When I get my grade back and it’s not a 100%, if there’s a comment on Canvas or in the Google Doc that I had my assignment turned in on, if there’s comments about where the points I missed came from, then I feel like that allows me to learn better because I get to reflect on my own mistakes and then try to fix it in future things. If it’s just, “You got a C on this,” and there’s no explanation, I often times don’t try to figure it out, I just accept it and move on. But if they provide an explanation, then I do try to learn from the mistakes I made in it.

I would go into the teacher, we would talk about the feedback and then, what’s been happening this year in my [subject] class that is very helpful is, the teacher would sit down with me and they would be like, “Okay, what are two goals that you can set for your next work that you’re going to write?[”] This is the first year that that’s ever happened. But that’s really nice.

RETAKES

Even if we do get a bad grade, if a majority of the class gets something wrong, which is usually what happens, the teacher will actually go over it the next day to show us all how to do it. And a lot of the standards show up again. And so if we did poorly on a test before, we are able to redo that standard and make that grade better.

One thing that my teacher does that makes learning a lot better, at least in my opinion, is when she grades something then gives it back to [me] with everything that I did wrong and gives us a chance to try it again. And that really helps, at least in my opinion.

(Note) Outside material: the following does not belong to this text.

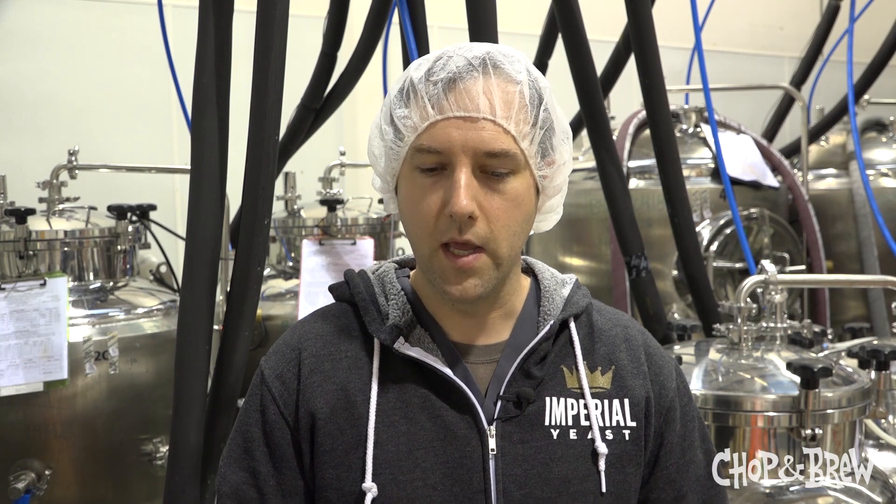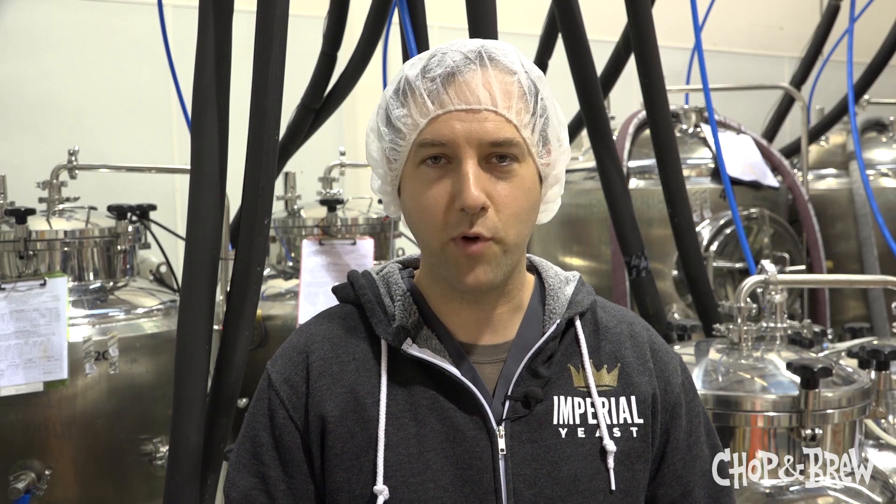It makes beers that taste that way — it kicks off just these huge, juicy, tropical, but pretty acidic notes. So they're sharp, there's some pungency to it. It's a really fun Brett. It's fun to grow, fun to drink, and probably really fun to brew with. Works awesome in primary and in secondary.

Inviting Student Voices: How to Gather Meaningful Feedback

After reading this, you might be thinking, “I wonder whether my students would say something different,” or, “What exactly would my students say if I were to interview them?” Fantastic! And you’re right! We have no idea what our students would say about grading unless we ask them, unless we engage them in conversation, unless we offer inclusive pathways to hear their feedback. Here are some options for designing student feedback (and you might also know of more ways!) to get started:

1. Decide your goals

  • Identify what you want to discover from your students
  • Ask about specific grading and assessment practices––their opinions and feelings, their prior experiences, what has and hasn’t worked for them in previous classes and with other teachers, what they want (not just what they don’t want), what they would be open to trying, etc.

2. Design how you will get this information

  • An anonymous survey…
    • Might be a good format if you know your students share their knowledge most readily in writing or generally have a hard time expressing themselves in discussion.
    • Can include questions that are quantitative (for example, using Likert Scale models) as well as qualitative (leaving opportunity for students to explain their responses).
    • Can take less time, and you can get everyone’s opinions simultaneously.
    • May limit the responses (and what you learn) because of its more restrictive format.
  • A class discussion…
    • Might be a good format if you know your students share their knowledge most readily through conversation.
    • Can be open-ended questions, and you can adapt the questions based on their responses in the moment.
    • May take more time and be difficult to keep focused on your goals.
  • A combination of the two…
    • Might be a good option if you know that some students share their knowledge most readily through conversation, whereas other students may not feel comfortable sharing their opinion in class, particularly if it is different from their peers’ opinions.
    • Allows students to choose which format they would like to complete. While the students who prefer the survey are completing it, the students who prefer discussion could be participating in that.
    • May take more of your time to design and review both formats.

3. Implement your design

Prepare students. Share your goals and let them know that you are looking at their responses to improve your practices.
Devote enough time during class so that students can respond thoughtfully and completely.
Analyze the results. Look for trends, outliers, and any patterns in the responses (e.g., Did high-achieving students answer differently than students who struggle? Did boys answer differently than girls? Did shy students answer differently than outgoing students?)
Share the results with your students. Explain (visually and/or verbally) the data trends and your next steps.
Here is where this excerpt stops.